◆ WORK INSTRUCTION
Exact reproduction of the data is required, with images excluded.

◆ RAW DATA
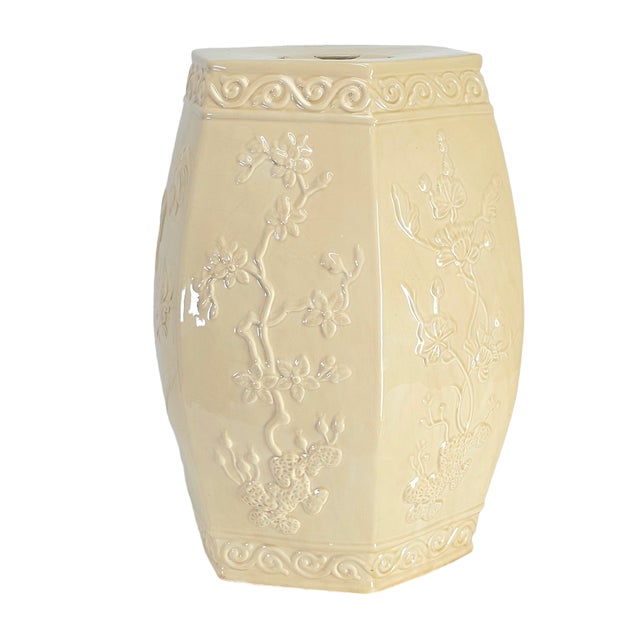Elegant Italian ceramic garden seat in hexagonal barrel form, finished in creamy blanc-de-chine glaze with raised floral...
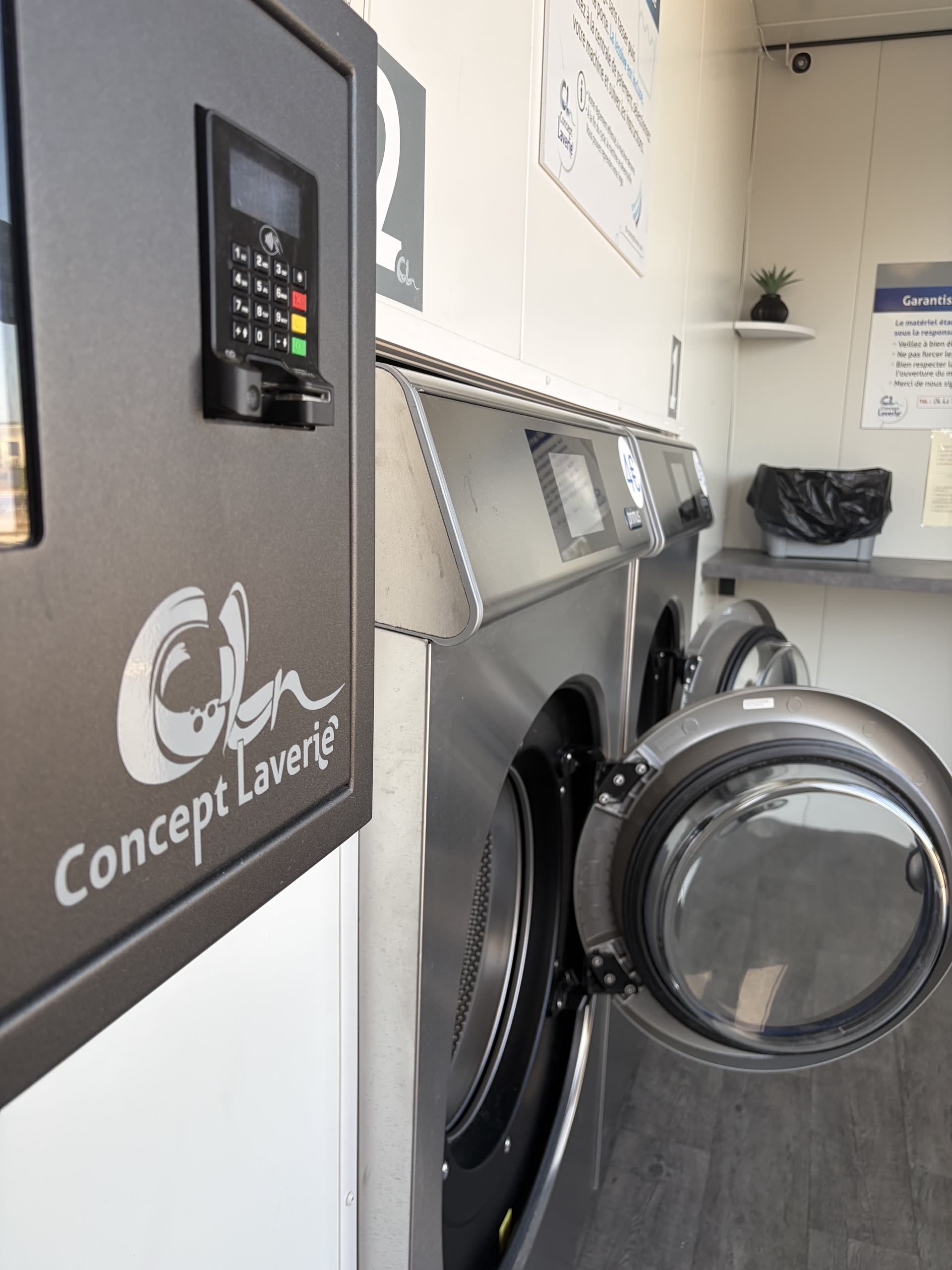Laundry with 8 washing machines and 4 dryers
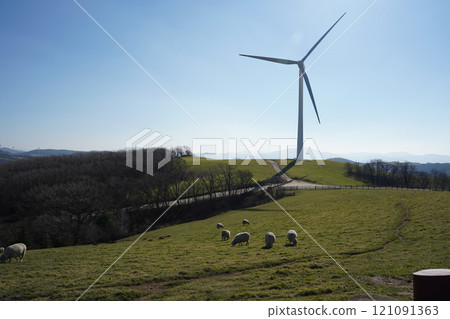 A huge wind turbine with beautiful nature as a background 121091363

◆ SOLUTION FOR THIS EXERCISE
Elegant Italian ceramic garden seat in hexagonal barrel form, finished in creamy blanc-de-chine glaze with raised floral...
Laundry with 8 washing machines and 4 dryers
 A huge wind turbine with beautiful nature as a background 121091363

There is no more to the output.